ARCHIVE LIBRARY

ALEXANDRIA INSTALLS SECURITY CAMERAS DOWNTOWN

If they look up, people visiting downtown Alexandria will notice a number of boxes mounted on light poles with red and blue flashing lights and a large Alexandria Police Department decal. The devices are new security cameras being deployed as part of the City of Alexandria’s ongoing effort to improve public safety downtown.

“This is the next step in our commitment to improve security and public safety throughout Alexandria,” Mayor Jeffrey W. Hall explained. “We are starting downtown, building on the safety improvements we have already made with the creation of the Harbor Patrol Division, to ensure the safety of our students and other visitors. This is just Phase I. Ultimately, we plan to have cameras like this throughout the city.”

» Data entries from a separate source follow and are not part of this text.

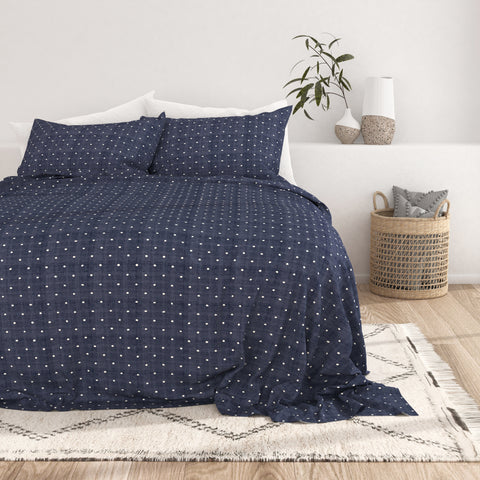 Heart & Home Premium Ultra Soft Printed Pattern 4 Piece Polka Dot Bed Sheet Set
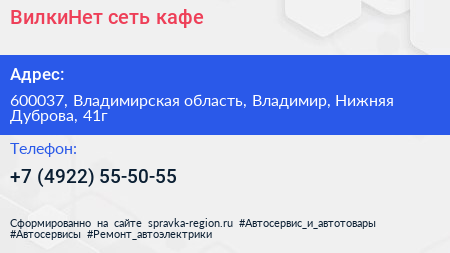 ВилкиНет сеть кафе - визитка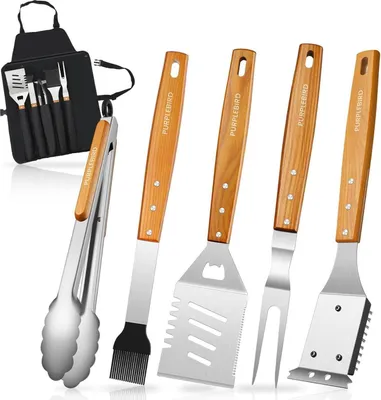 BBQ Grillwerkzeug-Set Aus Edelstahl – Mit Holzgriff, Inkl. Zange, Spatel & Gabel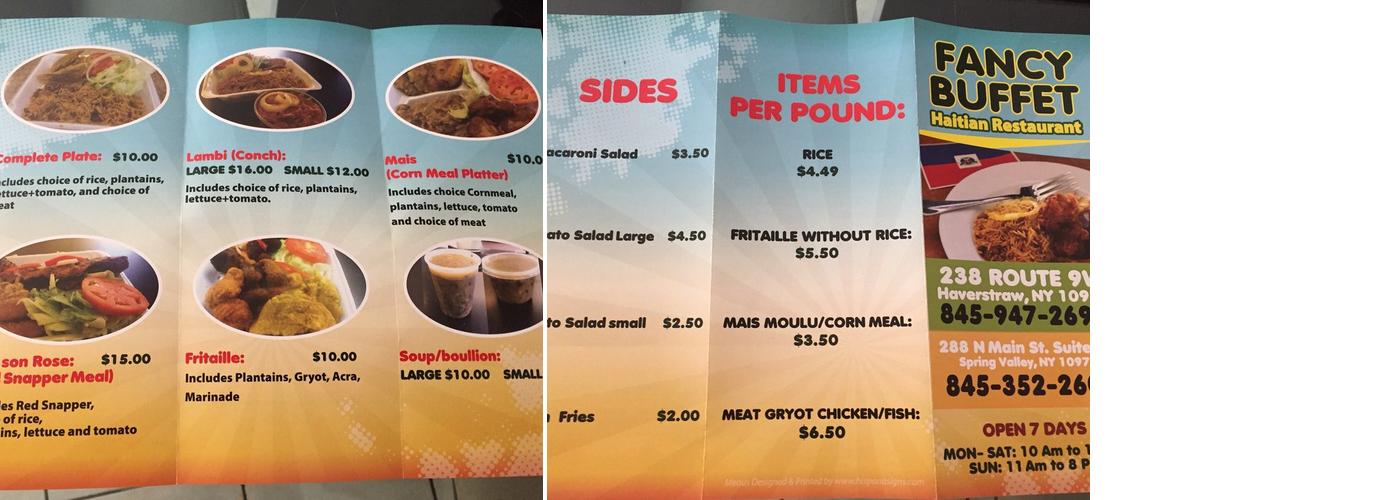Fancy buffett Menu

Public Safety Commissioner Daryl Terry said the first phase includes 65 cameras at 15 locations in the downtown area. “Each unit has 4 cameras, and some have a fifth camera that can pan the area,” Terry said. “We focused on Main, Murray and Winn streets to start with to cover the main pathways CLTCC students will be walking. We will also have cameras in the amphitheater area and where other downtown events take place.”

Terry and others researched available options and felt this system best fit the needs of the city. “We were able to get it under a state contract, which helped to keep the cost down,” Police Chief, Jerrod King, explained. The system will be monitored 24 hours a day and is accessible to staff who receive calls and dispatch officers. Terry added that in the case of police getting a call for assistance, officials can check the camera in the area to provide additional information to responding officers. “This system saves man hours and will help us solve crimes more quickly,” King said.

Terry agreed the system provides a valuable investigative tool. While the primary monitoring stations will be in the Harbor Patrol headquarters and the communications center at the Public Safety Complex, officers can also view camera data at the Mobile Command Center.

“This is a force multiplier for us,” King said. “We can’t always have an officer in every city location, but the cameras give us the ability to monitor areas even when an officer isn’t present. This is how police departments are using technology to protect their city.”